D’abord, un courriel d’un élu et ancien ministre : «Your editorial is more of a myth than reality, but you are right to aspire to a utopian society. You stand for righteousness, but the main culprit remains the regime (...) who are the ultimate beneficiaries if the land is retrieved from the Trust. No to balkanization, but Nation Building has no price. Resources are not to be wasted. The purpose of unity in diversity and diversity in unity is virtually enshrined in our Constitution. It is not spelled out but taken as a RIGHT. There is no one-size-fits-all society. UN CENTRE POUR LA CULTURE MAURICIENNE can be a tower in the building block. But the pillars remain our identity as a NATION de PEUPLEMENT.»

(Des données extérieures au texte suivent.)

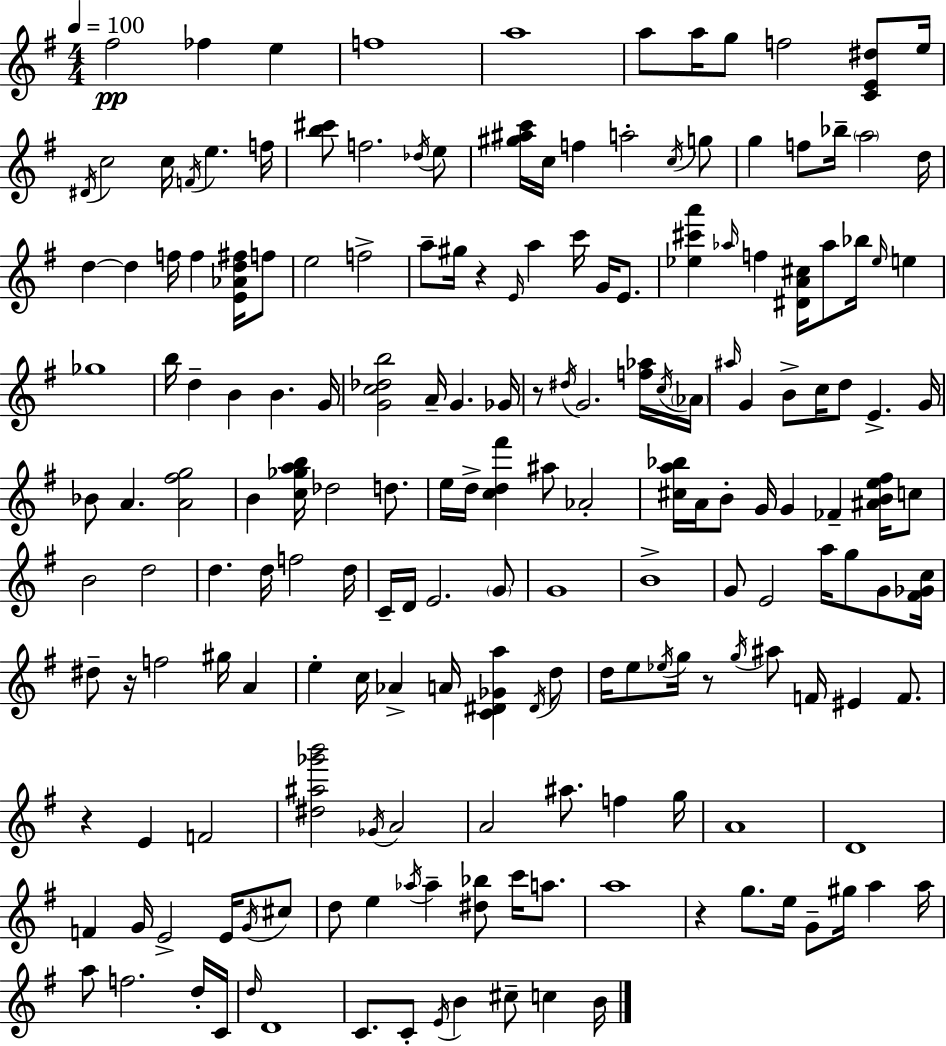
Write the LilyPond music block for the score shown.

{
  \clef treble
  \numericTimeSignature
  \time 4/4
  \key g \major
  \tempo 4 = 100
  fis''2\pp fes''4 e''4 | f''1 | a''1 | a''8 a''16 g''8 f''2 <c' e' dis''>8 e''16 | \break \acciaccatura { dis'16 } c''2 c''16 \acciaccatura { f'16 } e''4. | f''16 <b'' cis'''>8 f''2. | \acciaccatura { des''16 } e''8 <gis'' ais'' c'''>16 c''16 f''4 a''2-. | \acciaccatura { c''16 } g''8 g''4 f''8 bes''16-- \parenthesize a''2 | \break d''16 d''4~~ d''4 f''16 f''4 | <e' aes' d'' fis''>16 f''8 e''2 f''2-> | a''8-- gis''16 r4 \grace { e'16 } a''4 | c'''16 g'16 e'8. <ees'' cis''' a'''>4 \grace { aes''16 } f''4 <dis' a' cis''>16 aes''8 | \break bes''16 \grace { ees''16 } e''4 ges''1 | b''16 d''4-- b'4 | b'4. g'16 <g' c'' des'' b''>2 a'16-- | g'4. ges'16 r8 \acciaccatura { dis''16 } g'2. | \break <f'' aes''>16 \acciaccatura { c''16 } \parenthesize aes'16 \grace { ais''16 } g'4 b'8-> | c''16 d''8 e'4.-> g'16 bes'8 a'4. | <a' fis'' g''>2 b'4 <c'' ges'' a'' b''>16 des''2 | d''8. e''16 d''16-> <c'' d'' fis'''>4 | \break ais''8 aes'2-. <cis'' a'' bes''>16 a'16 b'8-. g'16 g'4 | fes'4-- <ais' b' e'' fis''>16 c''8 b'2 | d''2 d''4. | d''16 f''2 d''16 c'16-- d'16 e'2. | \break \parenthesize g'8 g'1 | b'1-> | g'8 e'2 | a''16 g''8 g'8 <fis' ges' c''>16 dis''8-- r16 f''2 | \break gis''16 a'4 e''4-. c''16 aes'4-> | a'16 <c' dis' ges' a''>4 \acciaccatura { dis'16 } d''8 d''16 e''8 \acciaccatura { ees''16 } g''16 | r8 \acciaccatura { g''16 } ais''8 f'16 eis'4 f'8. r4 | e'4 f'2 <dis'' ais'' ges''' b'''>2 | \break \acciaccatura { ges'16 } a'2 a'2 | ais''8. f''4 g''16 a'1 | d'1 | f'4 | \break g'16 e'2-> e'16 \acciaccatura { g'16 } cis''8 d''8 | e''4 \acciaccatura { aes''16 } aes''4-- <dis'' bes''>8 c'''16 a''8. | a''1 | r4 g''8. e''16 g'8-- gis''16 a''4 a''16 | \break a''8 f''2. d''16-. c'16 | \grace { d''16 } d'1 | c'8. c'8-. \acciaccatura { e'16 } b'4 cis''8-- c''4 | b'16 \bar "|."
}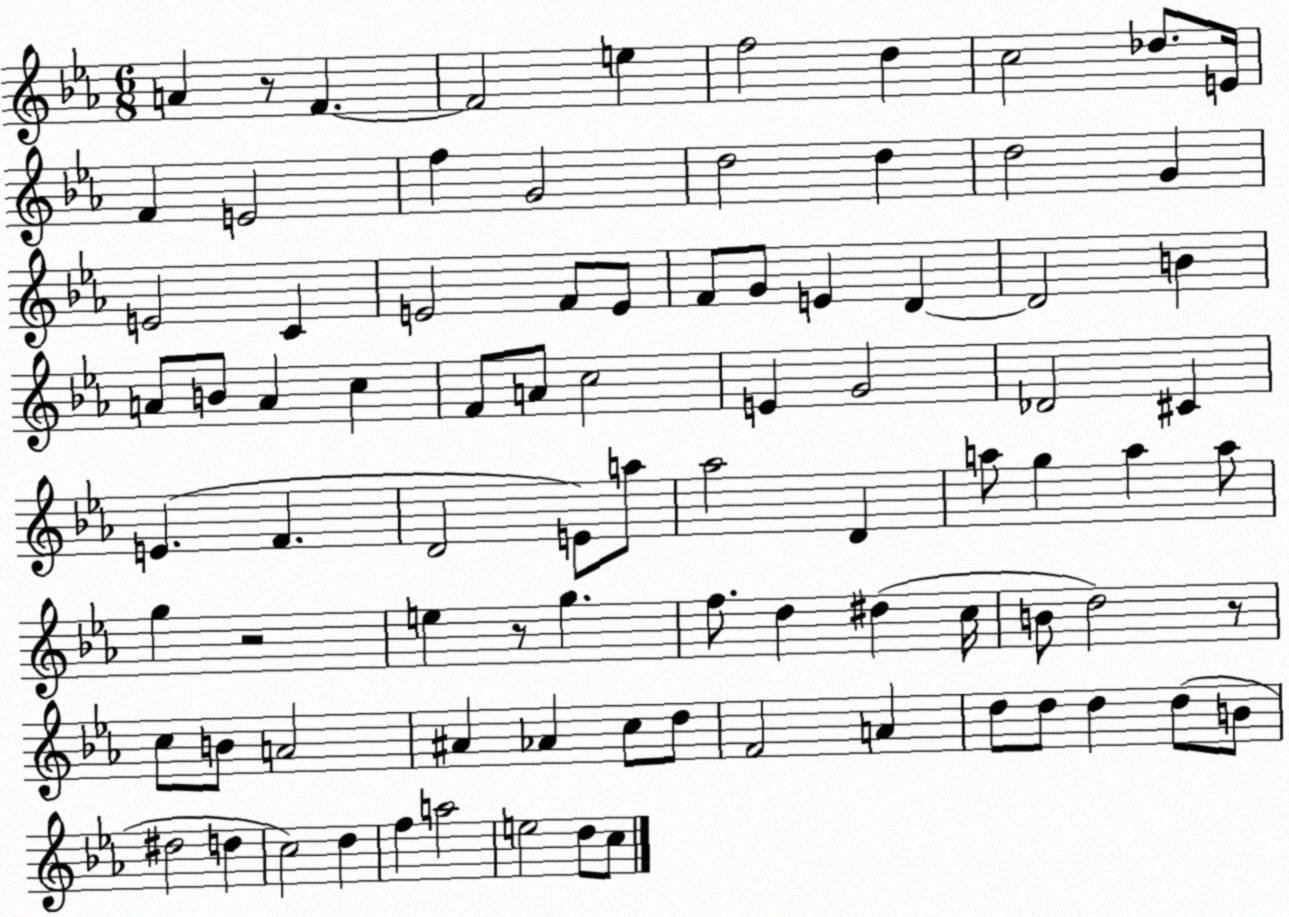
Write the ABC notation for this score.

X:1
T:Untitled
M:6/8
L:1/4
K:Eb
A z/2 F F2 e f2 d c2 _d/2 E/4 F E2 f G2 d2 d d2 G E2 C E2 F/2 E/2 F/2 G/2 E D D2 B A/2 B/2 A c F/2 A/2 c2 E G2 _D2 ^C E F D2 E/2 a/2 _a2 D a/2 g a a/2 g z2 e z/2 g f/2 d ^d c/4 B/2 d2 z/2 c/2 B/2 A2 ^A _A c/2 d/2 F2 A d/2 d/2 d d/2 B/2 ^d2 d c2 d f a2 e2 d/2 c/2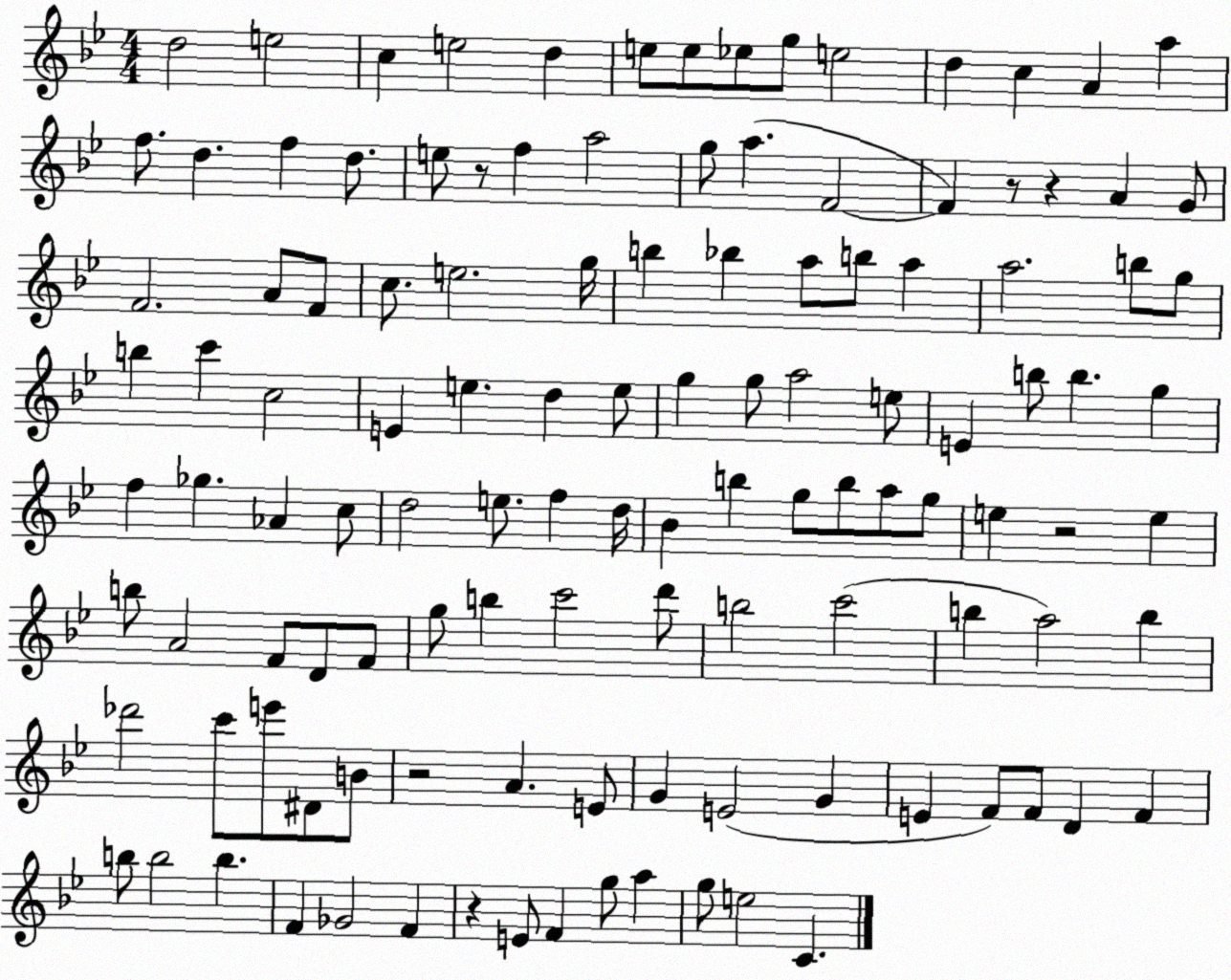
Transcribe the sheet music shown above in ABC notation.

X:1
T:Untitled
M:4/4
L:1/4
K:Bb
d2 e2 c e2 d e/2 e/2 _e/2 g/2 e2 d c A a f/2 d f d/2 e/2 z/2 f a2 g/2 a F2 F z/2 z A G/2 F2 A/2 F/2 c/2 e2 g/4 b _b a/2 b/2 a a2 b/2 g/2 b c' c2 E e d e/2 g g/2 a2 e/2 E b/2 b g f _g _A c/2 d2 e/2 f d/4 _B b g/2 b/2 a/2 g/2 e z2 e b/2 A2 F/2 D/2 F/2 g/2 b c'2 d'/2 b2 c'2 b a2 b _d'2 c'/2 e'/2 ^D/2 B/2 z2 A E/2 G E2 G E F/2 F/2 D F b/2 b2 b F _G2 F z E/2 F g/2 a g/2 e2 C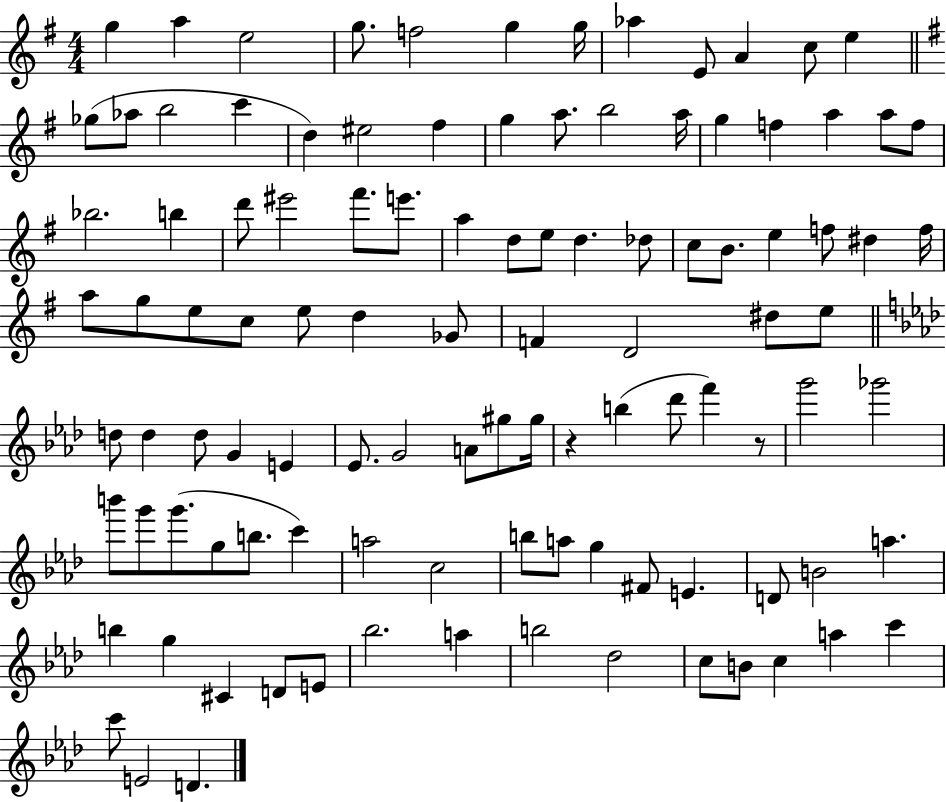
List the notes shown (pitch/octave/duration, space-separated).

G5/q A5/q E5/h G5/e. F5/h G5/q G5/s Ab5/q E4/e A4/q C5/e E5/q Gb5/e Ab5/e B5/h C6/q D5/q EIS5/h F#5/q G5/q A5/e. B5/h A5/s G5/q F5/q A5/q A5/e F5/e Bb5/h. B5/q D6/e EIS6/h F#6/e. E6/e. A5/q D5/e E5/e D5/q. Db5/e C5/e B4/e. E5/q F5/e D#5/q F5/s A5/e G5/e E5/e C5/e E5/e D5/q Gb4/e F4/q D4/h D#5/e E5/e D5/e D5/q D5/e G4/q E4/q Eb4/e. G4/h A4/e G#5/e G#5/s R/q B5/q Db6/e F6/q R/e G6/h Gb6/h B6/e G6/e G6/e. G5/e B5/e. C6/q A5/h C5/h B5/e A5/e G5/q F#4/e E4/q. D4/e B4/h A5/q. B5/q G5/q C#4/q D4/e E4/e Bb5/h. A5/q B5/h Db5/h C5/e B4/e C5/q A5/q C6/q C6/e E4/h D4/q.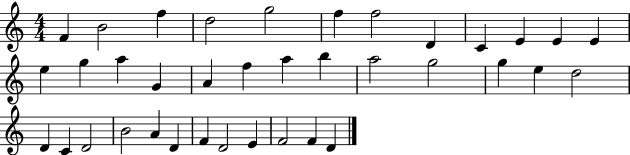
X:1
T:Untitled
M:4/4
L:1/4
K:C
F B2 f d2 g2 f f2 D C E E E e g a G A f a b a2 g2 g e d2 D C D2 B2 A D F D2 E F2 F D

Un autre commentaire qui mérite qu’on s’y attarde est celui d’une ancienne lauréate qui jette un regard critique sur la façon dont on gère le pays : «Je suis parfaitement alignée au principe selon lequel le mauricianisme doit enfin prendre le dessus sur les considérations communales – “country before party”, dit Kamala Harris ; j’irais un peu plus loin en disant “country before community”. Ce qui ne signifie pas qu’il faut minimiser ou mettre de côté l’attachement et la fierté que chacun peut avoir envers ses origines et sa culture ancestrale. Ni cela ne veut dire qu’une communauté ne peut se sentir lésée si une action des autorités la touche profondément dans sa dignité et son identité. Il s’agit simplement de dire que dans un pays tel que le nôtre, notre force réside dans notre capacité à être unis, dans notre pluralité. Mettons un instant de côté le rôle à double tranchant que les organisations socioculturelles jouent dans cette vision (...). Cependant, je pense que le sujet de division dont tu parles n’est pas le terrain en question. Sur ce point, chacun a son opinion, et tu as peut-être raison de dire que la communauté tamoule est elle-même divisée. Cependant, chacun a aussi, constitutionnellement, la liberté d’expression. Le sujet qui a divisé, qui divise encore, et qui divisera longtemps, c’est qu’on ait enlevé ce droit à un groupe de personnes qui s’exprimait légalement. Je me permets de te partager cela parce que je respecte ton opinion et je pense que tu respectes aussi la mienne – et qu’on peut au moins se mettre d’accord sur le fait que l’expression d’une opinion ne devrait jamais, dans le pays de Maurice, nous conduire en cellule.»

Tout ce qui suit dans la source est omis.